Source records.
☆ ☆ ☆ ☆
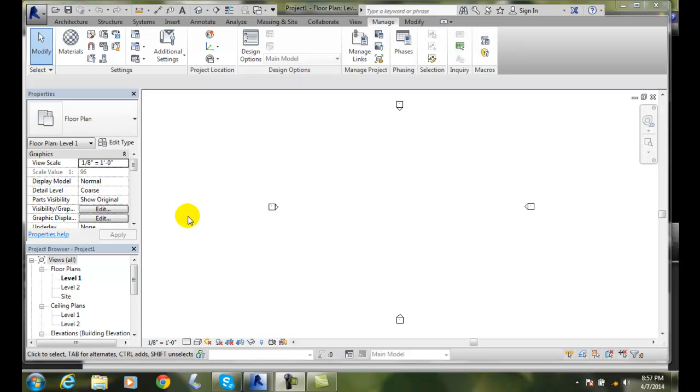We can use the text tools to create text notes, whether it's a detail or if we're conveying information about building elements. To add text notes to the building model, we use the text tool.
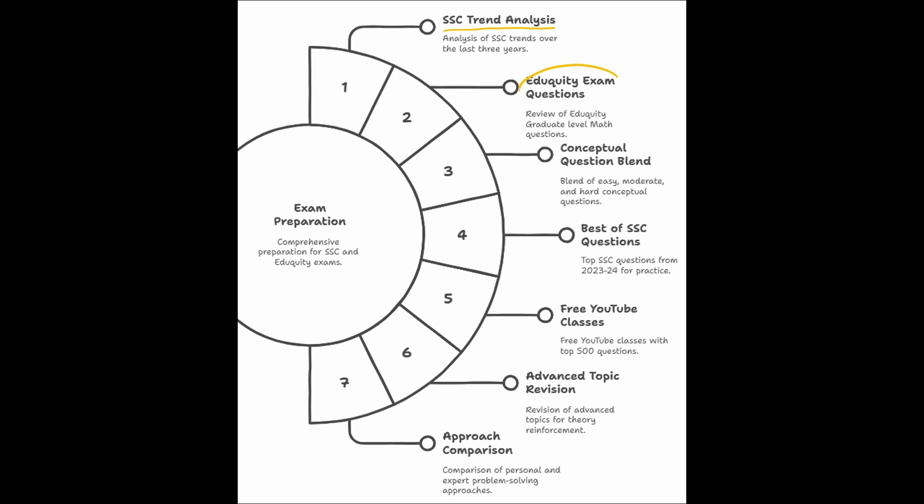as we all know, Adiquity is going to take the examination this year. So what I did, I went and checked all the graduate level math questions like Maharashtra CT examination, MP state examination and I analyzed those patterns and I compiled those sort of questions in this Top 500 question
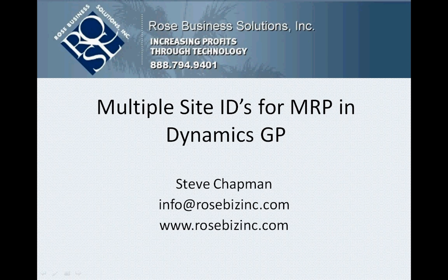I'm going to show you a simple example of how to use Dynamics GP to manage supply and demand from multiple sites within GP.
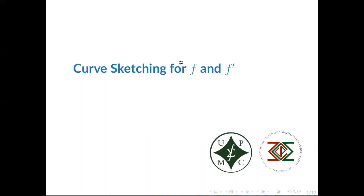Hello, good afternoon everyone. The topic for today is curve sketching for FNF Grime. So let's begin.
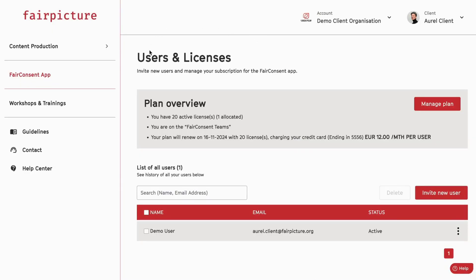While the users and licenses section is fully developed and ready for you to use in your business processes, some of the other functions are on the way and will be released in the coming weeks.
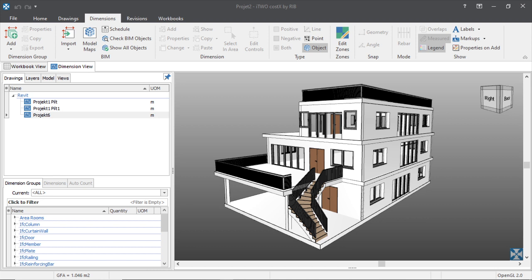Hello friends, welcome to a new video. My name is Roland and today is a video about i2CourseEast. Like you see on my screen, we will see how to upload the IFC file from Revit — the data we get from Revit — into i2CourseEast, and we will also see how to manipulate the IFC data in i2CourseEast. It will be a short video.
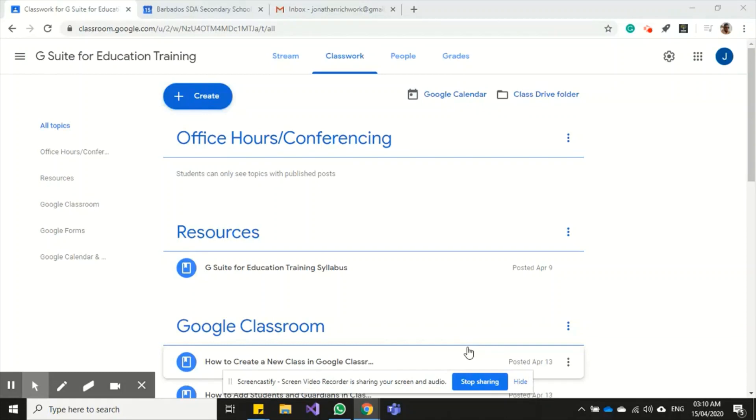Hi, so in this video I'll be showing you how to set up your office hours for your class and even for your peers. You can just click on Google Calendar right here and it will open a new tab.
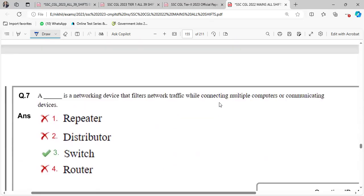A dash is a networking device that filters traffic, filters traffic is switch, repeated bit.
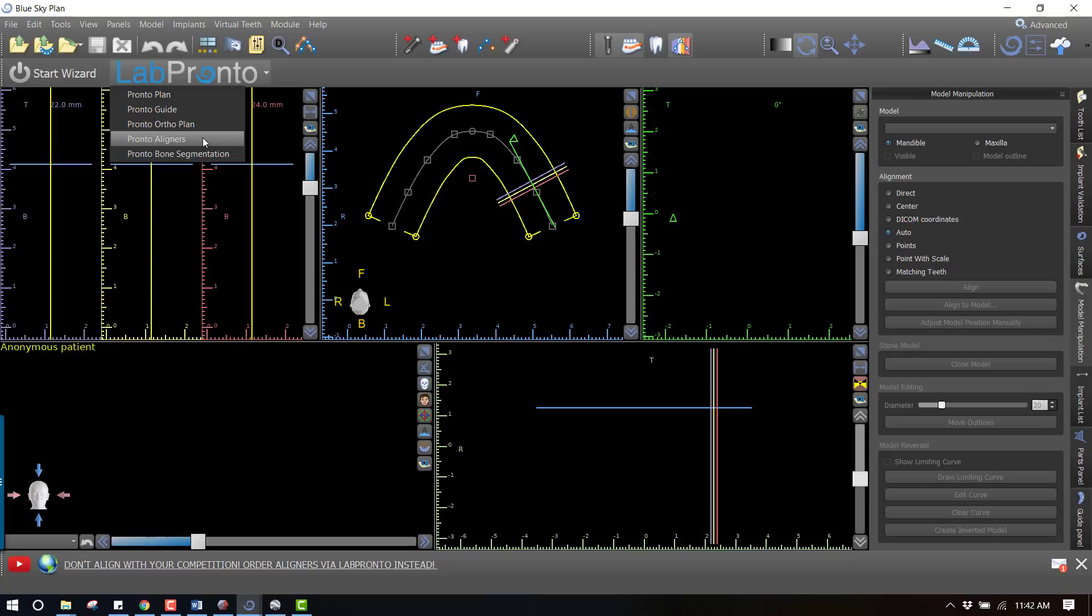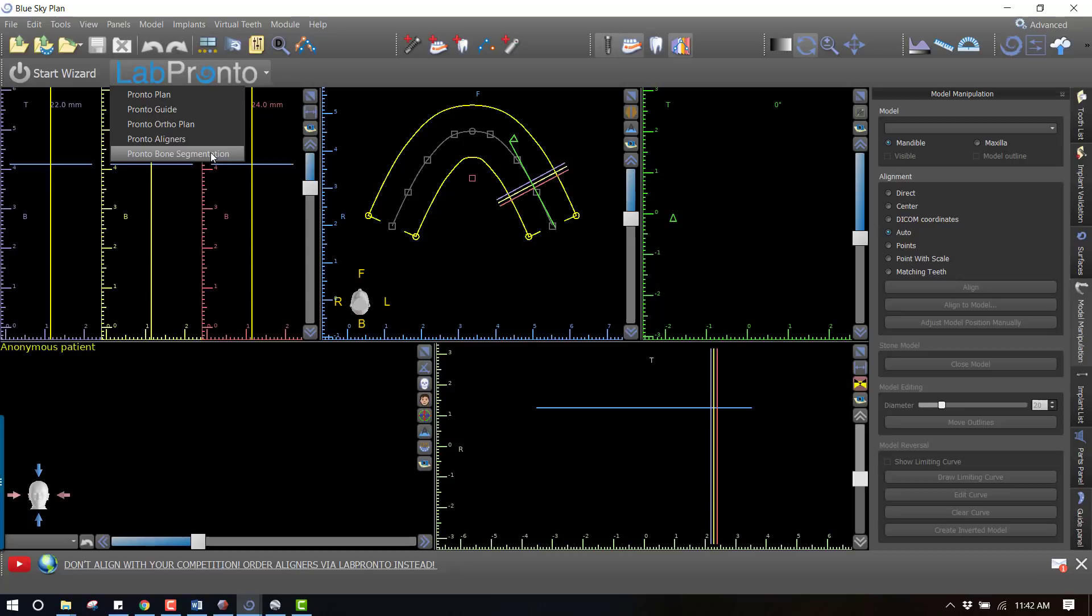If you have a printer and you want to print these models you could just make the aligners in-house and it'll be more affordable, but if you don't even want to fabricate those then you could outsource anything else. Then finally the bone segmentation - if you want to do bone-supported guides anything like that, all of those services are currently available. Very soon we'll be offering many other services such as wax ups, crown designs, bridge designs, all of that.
☆ ☆ ☆ ☆
Your instructions. Leave out all pictures and output each line exactly, from the top of the records through the line that holds "Hello friends, welcome".

Solution for this task.
We can use the text tools to create text notes, whether it's a detail or if we're conveying information about building elements. To add text notes to the building model, we use the text tool.
as we all know, Adiquity is going to take the examination this year. So what I did, I went and checked all the graduate level math questions like Maharashtra CT examination, MP state examination and I analyzed those patterns and I compiled those sort of questions in this Top 500 question
I'm going to show you a simple example of how to use Dynamics GP to manage supply and demand from multiple sites within GP.
Hello, good afternoon everyone. The topic for today is curve sketching for FNF Grime. So let's begin.
While the users and licenses section is fully developed and ready for you to use in your business processes, some of the other functions are on the way and will be released in the coming weeks.
Hello friends, welcome to a new video. My name is Roland and today is a video about i2CourseEast. Like you see on my screen, we will see how to upload the IFC file from Revit — the data we get from Revit — into i2CourseEast, and we will also see how to manipulate the IFC data in i2CourseEast. It will be a short video.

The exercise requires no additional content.